Look below for the line that contains "报1482.00元/吨；烧碱主力下跌0.94%甲醇期货最新行情", and write out exactly that line and all remaining lines of the listing, omitting pictures.
### DATASET EXTRACT
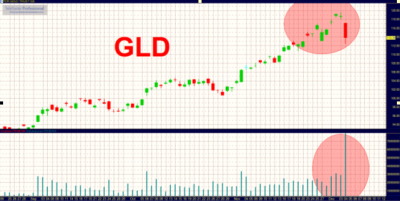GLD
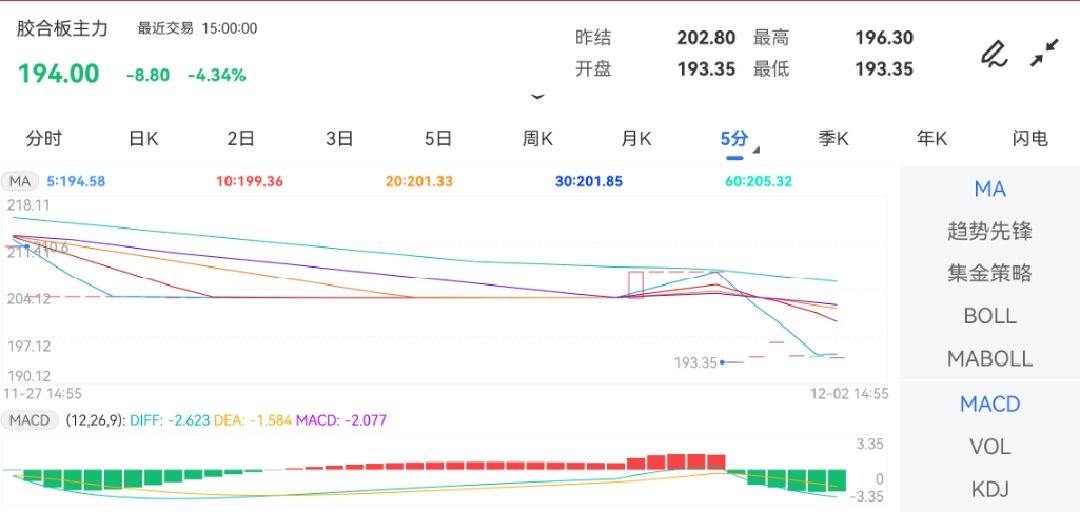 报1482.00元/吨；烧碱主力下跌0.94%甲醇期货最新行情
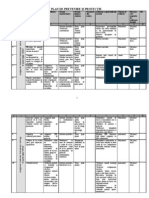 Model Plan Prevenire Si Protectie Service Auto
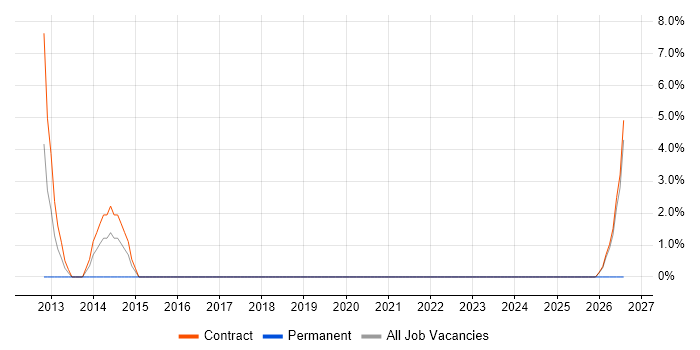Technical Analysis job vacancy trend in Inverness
######
• _RESPONSE FOR THIS EXERCISE_:
 报1482.00元/吨；烧碱主力下跌0.94%甲醇期货最新行情
 Model Plan Prevenire Si Protectie Service Auto
Technical Analysis job vacancy trend in Inverness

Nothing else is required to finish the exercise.